Burkina Faso : deux journalistes libérés après une réquisition controversée
- malikunafoninet
- 24 juil.
- 2 min de lecture

Après quatre mois d’une détention déguisée sous le sceau de la mobilisation générale, deux figures de la presse burkinabè ont enfin retrouvé la liberté. Un épisode révélateur du climat tendu dans lequel évolue la liberté d’expression au pays des Hommes intègres.
Guezouma Sanogo, président de l’Association des journalistes du Burkina Faso (AJB), et Phil Roland Zongo, journaliste à Femina FM, ont réintégré la vie civile à Ouagadougou, au terme d’une longue et opaque réquisition imposée depuis mars 2025. Officiellement engagés dans le cadre de la mobilisation générale décrétée par les autorités militaires, leur assignation avait en réalité suscité de nombreuses interrogations sur son fondement réel.
Quelques jours avant leur arrestation, tous deux avaient dénoncé, lors d’un congrès professionnel, les restrictions imposées à la presse nationale et la disparition de plusieurs confrères. C’est dans ce contexte qu’ils ont été interpellés, sans présentation de mandat, ni communication claire sur leur situation, laissant leur entourage sans nouvelles durant plusieurs semaines.
Une dérive dénoncée par la profession
Pour plusieurs observateurs, cette réquisition prend des allures de représailles déguisées. Des organisations de défense de la liberté de la presse, dont Reporters sans frontières, estiment que ces journalistes ont été ciblés non pour répondre à un besoin militaire, mais pour avoir exercé leur droit de critique face à une dérive autoritaire croissante. Le pouvoir en place est régulièrement accusé d’utiliser le cadre juridique de la mobilisation générale pour faire taire les voix jugées dissidentes.
Sanogo et Zongo ne sont d’ailleurs pas des cas isolés. D’autres journalistes, comme Boukari Ouoba de l’AJB, Luc Pagbelguem de la chaîne BF1 ou encore le chroniqueur Kalifara Séré, ont connu des arrestations similaires, certains disparaissant pendant plusieurs mois sans explication. Tous ont été relâchés récemment, dans un contexte où la pression sur les médias reste palpable.
Une liberté fragilisée par l’état de guerre
Le décret de mobilisation générale, mis en œuvre en avril 2023 pour faire face à la menace terroriste, autorise l'engagement de civils dans des tâches liées à la défense nationale. Toutefois, son application semble glisser vers une instrumentalisation politique, avec une inquiétante tendance à faire taire les critiques sous couvert d’effort patriotique.

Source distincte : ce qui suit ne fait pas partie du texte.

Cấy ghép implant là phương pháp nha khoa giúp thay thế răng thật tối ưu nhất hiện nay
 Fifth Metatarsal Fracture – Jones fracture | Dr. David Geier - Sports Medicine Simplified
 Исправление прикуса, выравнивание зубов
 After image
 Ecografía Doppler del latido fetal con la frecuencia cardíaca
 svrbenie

Dans un pays confronté à de graves défis sécuritaires, cette situation soulève une question fondamentale : comment concilier la lutte contre l’extrémisme violent et la préservation des libertés fondamentales ? Pour une grande partie de la société civile burkinabè, le respect de la liberté de la presse ne saurait être sacrifié, même en temps de crise.
L’appel à une vigilance collective
La libération de Sanogo et Zongo, bien qu’accueillie avec soulagement, ne marque pas la fin des inquiétudes. Plusieurs journalistes restent introuvables ou affectés à des zones de conflit sans statut juridique clair. Face à cette réalité, les appels se multiplient pour que la transparence soit faite sur chaque cas, et pour que la mobilisation nationale ne devienne pas un outil de coercition.
Dans un contexte régional marqué par l’érosion démocratique, le Burkina Faso est observé de près. Le respect des droits, y compris celui d’informer librement, reste un indicateur essentiel de la volonté réelle des autorités de bâtir un État résilient, fondé sur l’État de droit et la justice.